# Task instructions
Set down the full listing exactly as given. Any pictures are to be left out.

# Exercise data
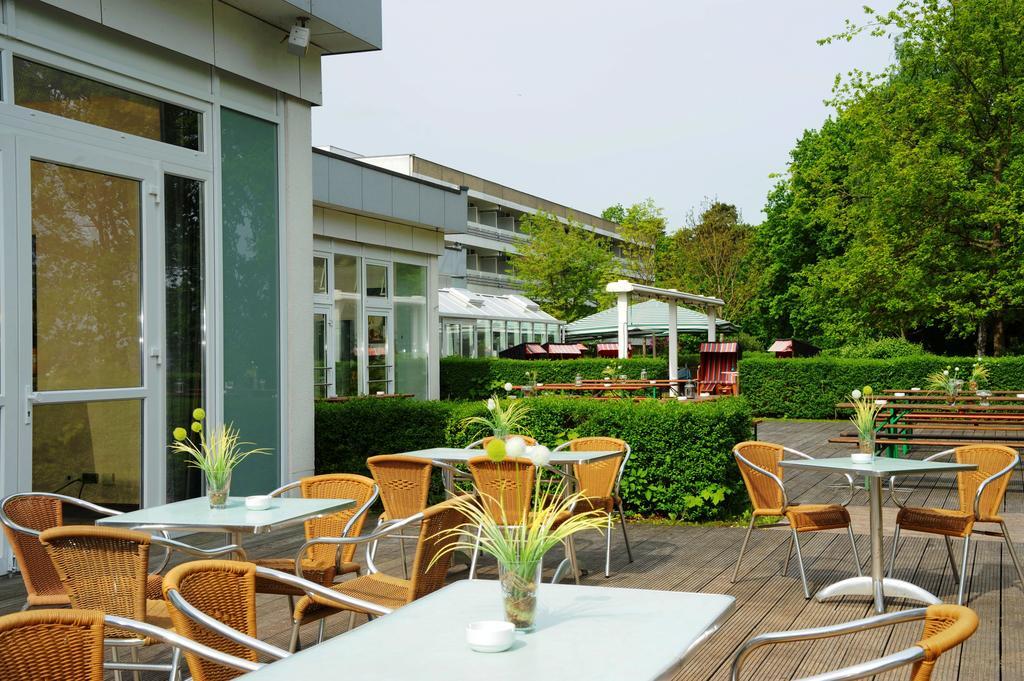Müggelsee Hotel Berlin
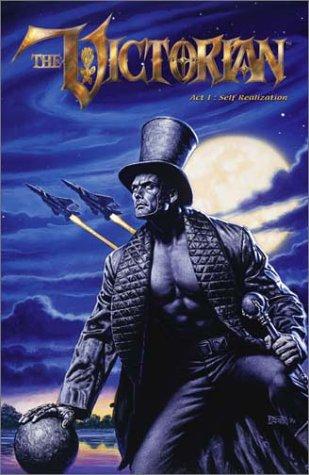The Victorian #1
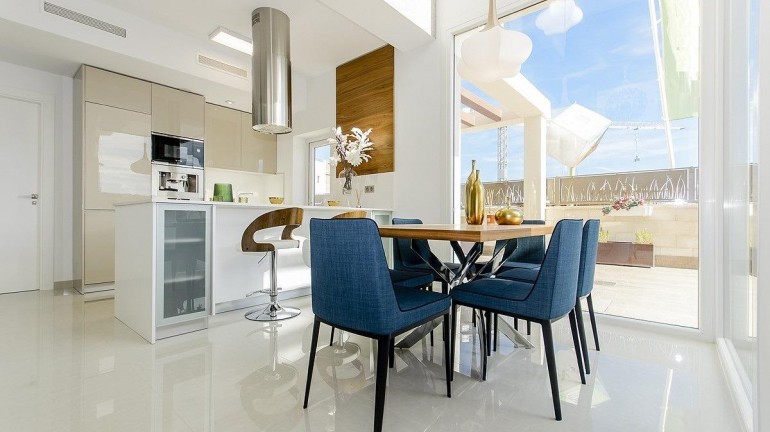 New Build - Villa - Los Montesinos - La Herrada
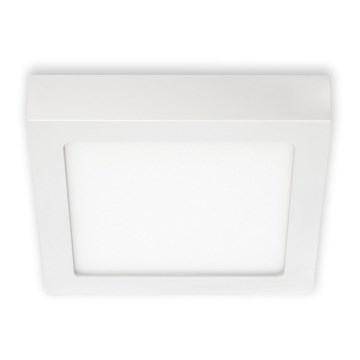 Briloner 7123-416 - Plafonnier FIRE LED/12W/230V blanc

# Exercise answer
Müggelsee Hotel Berlin
The Victorian #1
 New Build - Villa - Los Montesinos - La Herrada
 Briloner 7123-416 - Plafonnier FIRE LED/12W/230V blanc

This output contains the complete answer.